Hubbell Company Profile

Hubbell Incorporated designs, manufactures, and sells electrical and electronic products in the United States and internationally. It operates through two segments, Electrical and Power. The Electrical segment offers standard and special application wiring device products, rough-in electrical products, connector and grounding products, lighting fixtures and controls, and other electrical equipment for use in industrial, commercial, and institutional facilities by electrical contractors, maintenance personnel, electricians, utilities, and telecommunications companies, as well as components and assemblies for the natural gas distribution market. It also designs and manufactures various high voltage test and measurement equipment, industrial controls, and communication systems for use in the non-residential and industrial markets, as well as in the oil and gas, and mining industries.
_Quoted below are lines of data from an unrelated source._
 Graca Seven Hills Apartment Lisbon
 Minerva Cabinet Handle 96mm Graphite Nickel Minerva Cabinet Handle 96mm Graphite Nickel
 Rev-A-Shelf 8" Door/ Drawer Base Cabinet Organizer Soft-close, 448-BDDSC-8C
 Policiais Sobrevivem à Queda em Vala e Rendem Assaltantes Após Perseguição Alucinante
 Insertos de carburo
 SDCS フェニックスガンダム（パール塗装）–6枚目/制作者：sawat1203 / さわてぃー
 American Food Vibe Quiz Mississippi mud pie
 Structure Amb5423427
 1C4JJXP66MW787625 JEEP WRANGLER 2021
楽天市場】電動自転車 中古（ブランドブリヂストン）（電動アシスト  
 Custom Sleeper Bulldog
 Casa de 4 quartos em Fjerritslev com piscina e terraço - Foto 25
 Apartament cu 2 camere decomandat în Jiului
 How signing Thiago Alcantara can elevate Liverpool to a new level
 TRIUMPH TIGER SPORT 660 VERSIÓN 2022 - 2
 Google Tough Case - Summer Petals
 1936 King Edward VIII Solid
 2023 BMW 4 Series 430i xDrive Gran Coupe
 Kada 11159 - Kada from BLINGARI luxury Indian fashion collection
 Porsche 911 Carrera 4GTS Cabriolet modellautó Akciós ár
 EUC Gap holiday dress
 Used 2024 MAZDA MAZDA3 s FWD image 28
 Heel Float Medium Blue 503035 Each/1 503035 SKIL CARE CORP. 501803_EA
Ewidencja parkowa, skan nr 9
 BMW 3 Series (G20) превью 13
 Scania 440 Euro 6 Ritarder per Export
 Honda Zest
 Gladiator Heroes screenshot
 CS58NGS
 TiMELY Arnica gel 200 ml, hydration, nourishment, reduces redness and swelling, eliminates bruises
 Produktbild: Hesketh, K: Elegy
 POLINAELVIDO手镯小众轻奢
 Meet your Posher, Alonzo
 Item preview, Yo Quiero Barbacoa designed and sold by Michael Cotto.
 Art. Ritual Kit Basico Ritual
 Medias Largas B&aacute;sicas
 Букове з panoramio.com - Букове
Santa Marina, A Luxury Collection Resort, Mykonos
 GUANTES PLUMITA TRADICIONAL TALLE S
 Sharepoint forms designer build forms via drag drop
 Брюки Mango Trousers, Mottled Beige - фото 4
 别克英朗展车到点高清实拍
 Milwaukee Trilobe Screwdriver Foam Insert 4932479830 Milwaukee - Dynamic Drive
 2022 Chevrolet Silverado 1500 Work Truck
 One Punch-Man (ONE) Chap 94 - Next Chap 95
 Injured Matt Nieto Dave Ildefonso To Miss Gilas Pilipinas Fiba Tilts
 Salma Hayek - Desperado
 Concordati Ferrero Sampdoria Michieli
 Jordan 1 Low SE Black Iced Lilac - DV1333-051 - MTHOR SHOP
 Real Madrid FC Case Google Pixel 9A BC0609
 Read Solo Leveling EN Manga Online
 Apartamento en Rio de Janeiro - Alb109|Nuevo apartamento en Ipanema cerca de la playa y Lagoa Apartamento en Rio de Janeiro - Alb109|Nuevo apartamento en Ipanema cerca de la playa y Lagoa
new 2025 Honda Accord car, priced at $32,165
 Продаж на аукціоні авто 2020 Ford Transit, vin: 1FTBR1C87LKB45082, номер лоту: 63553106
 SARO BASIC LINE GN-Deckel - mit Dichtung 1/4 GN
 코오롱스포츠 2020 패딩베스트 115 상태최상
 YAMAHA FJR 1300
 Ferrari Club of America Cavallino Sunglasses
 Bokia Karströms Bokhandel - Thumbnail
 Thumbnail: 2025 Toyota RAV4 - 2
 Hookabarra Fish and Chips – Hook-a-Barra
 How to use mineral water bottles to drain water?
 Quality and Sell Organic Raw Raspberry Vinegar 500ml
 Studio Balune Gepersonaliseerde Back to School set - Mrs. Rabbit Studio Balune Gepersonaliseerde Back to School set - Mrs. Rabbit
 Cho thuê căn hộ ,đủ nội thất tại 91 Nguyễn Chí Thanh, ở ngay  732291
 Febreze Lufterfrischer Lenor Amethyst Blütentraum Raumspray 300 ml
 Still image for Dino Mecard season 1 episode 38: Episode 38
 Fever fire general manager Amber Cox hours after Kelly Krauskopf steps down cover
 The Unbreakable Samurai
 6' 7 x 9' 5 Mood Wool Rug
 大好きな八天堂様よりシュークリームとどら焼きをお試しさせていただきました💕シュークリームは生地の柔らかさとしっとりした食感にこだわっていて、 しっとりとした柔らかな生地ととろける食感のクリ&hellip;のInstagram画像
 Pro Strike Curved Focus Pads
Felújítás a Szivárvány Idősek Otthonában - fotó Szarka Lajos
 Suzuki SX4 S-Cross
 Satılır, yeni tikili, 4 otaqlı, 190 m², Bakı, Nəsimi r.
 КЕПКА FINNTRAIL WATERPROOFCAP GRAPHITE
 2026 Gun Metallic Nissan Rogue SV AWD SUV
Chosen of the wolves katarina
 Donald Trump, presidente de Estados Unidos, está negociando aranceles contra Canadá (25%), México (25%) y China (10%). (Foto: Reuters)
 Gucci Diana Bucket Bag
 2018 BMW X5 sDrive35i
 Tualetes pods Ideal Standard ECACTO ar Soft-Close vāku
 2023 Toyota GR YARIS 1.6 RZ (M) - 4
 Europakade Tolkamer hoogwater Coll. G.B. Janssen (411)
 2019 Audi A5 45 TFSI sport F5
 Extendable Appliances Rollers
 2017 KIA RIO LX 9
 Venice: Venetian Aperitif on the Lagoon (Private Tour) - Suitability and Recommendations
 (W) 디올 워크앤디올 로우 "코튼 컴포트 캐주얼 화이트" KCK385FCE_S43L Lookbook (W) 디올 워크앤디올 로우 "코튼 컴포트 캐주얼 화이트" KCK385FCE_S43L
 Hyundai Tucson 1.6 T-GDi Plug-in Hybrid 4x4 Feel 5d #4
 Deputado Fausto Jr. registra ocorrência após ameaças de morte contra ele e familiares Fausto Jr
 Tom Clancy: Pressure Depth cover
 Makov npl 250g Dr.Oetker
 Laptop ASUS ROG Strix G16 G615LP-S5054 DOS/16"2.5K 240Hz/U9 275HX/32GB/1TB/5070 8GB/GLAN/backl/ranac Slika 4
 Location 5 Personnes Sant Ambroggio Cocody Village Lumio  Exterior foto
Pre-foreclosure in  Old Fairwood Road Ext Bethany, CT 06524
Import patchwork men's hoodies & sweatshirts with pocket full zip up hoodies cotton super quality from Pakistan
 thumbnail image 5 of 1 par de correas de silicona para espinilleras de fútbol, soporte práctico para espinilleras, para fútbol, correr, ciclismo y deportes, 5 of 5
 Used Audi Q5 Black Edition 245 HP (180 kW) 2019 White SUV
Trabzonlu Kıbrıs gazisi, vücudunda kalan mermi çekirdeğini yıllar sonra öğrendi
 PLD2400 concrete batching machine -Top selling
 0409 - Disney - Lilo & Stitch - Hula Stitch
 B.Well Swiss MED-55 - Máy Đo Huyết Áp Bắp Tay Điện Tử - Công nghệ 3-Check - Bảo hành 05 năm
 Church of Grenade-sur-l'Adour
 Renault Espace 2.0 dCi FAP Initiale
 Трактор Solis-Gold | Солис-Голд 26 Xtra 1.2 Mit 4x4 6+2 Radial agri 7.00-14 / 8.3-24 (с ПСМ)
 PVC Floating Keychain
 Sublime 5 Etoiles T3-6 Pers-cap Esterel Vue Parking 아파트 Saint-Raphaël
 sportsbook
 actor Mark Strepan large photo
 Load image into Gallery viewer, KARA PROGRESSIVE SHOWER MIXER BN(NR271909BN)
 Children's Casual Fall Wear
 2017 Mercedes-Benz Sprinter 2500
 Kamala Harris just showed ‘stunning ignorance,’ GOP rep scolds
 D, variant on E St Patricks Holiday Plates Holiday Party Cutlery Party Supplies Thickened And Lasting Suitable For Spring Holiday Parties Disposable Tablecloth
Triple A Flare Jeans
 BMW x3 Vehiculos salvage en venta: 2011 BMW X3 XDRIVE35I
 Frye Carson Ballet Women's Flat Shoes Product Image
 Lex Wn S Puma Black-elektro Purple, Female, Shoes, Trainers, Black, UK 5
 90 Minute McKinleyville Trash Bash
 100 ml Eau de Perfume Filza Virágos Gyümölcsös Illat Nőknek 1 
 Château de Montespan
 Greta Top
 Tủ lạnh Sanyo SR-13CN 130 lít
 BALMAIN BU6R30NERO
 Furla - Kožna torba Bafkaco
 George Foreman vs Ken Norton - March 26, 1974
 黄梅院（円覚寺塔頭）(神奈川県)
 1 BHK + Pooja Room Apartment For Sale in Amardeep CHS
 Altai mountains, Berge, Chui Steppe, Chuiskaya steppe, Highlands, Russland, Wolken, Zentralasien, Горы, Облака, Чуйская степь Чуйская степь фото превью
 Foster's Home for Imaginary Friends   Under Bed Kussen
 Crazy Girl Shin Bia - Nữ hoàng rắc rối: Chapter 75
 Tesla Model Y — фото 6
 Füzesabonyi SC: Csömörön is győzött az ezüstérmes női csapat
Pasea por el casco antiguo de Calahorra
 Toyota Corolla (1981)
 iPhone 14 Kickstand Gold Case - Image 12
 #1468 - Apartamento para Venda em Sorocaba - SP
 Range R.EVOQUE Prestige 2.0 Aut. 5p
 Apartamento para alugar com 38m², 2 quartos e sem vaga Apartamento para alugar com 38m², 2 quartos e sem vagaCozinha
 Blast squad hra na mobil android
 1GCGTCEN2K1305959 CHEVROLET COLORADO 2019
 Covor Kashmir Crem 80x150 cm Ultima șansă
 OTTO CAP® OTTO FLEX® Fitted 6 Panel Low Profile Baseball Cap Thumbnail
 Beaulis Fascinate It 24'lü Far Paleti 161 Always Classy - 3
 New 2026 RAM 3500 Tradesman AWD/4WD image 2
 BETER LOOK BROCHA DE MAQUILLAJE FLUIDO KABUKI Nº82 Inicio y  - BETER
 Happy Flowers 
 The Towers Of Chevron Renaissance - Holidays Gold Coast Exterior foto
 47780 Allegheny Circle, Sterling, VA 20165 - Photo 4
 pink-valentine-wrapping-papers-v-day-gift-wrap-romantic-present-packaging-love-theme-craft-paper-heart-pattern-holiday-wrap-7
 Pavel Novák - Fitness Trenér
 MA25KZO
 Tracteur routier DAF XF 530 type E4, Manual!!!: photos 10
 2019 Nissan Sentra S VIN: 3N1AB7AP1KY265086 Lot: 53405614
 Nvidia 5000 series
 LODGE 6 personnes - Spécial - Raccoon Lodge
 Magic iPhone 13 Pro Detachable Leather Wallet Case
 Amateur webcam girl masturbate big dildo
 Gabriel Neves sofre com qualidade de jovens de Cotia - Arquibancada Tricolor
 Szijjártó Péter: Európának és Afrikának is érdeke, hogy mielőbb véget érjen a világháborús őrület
This segment sells its products through electrical and industrial distributors, home centers, retail and hardware outlets, lighting showrooms, and residential product oriented Internet sites; special application products primarily through wholesale distributors to contractors, industrial customers, and original equipment manufacturers; and high voltage products directly to its customers through sales engineers. The Power segment designs, manufactures, and sells distribution, transmission, substation, and telecommunications products. This segment sells its products to distributors, as well as directly to users, such as utilities, telecommunication companies, pipeline and mining operations, industrial firms, construction and engineering firms, and civil construction and transportation industries. Hubbell Incorporated was founded in 1888 and is headquartered in Shelton, Connecticut.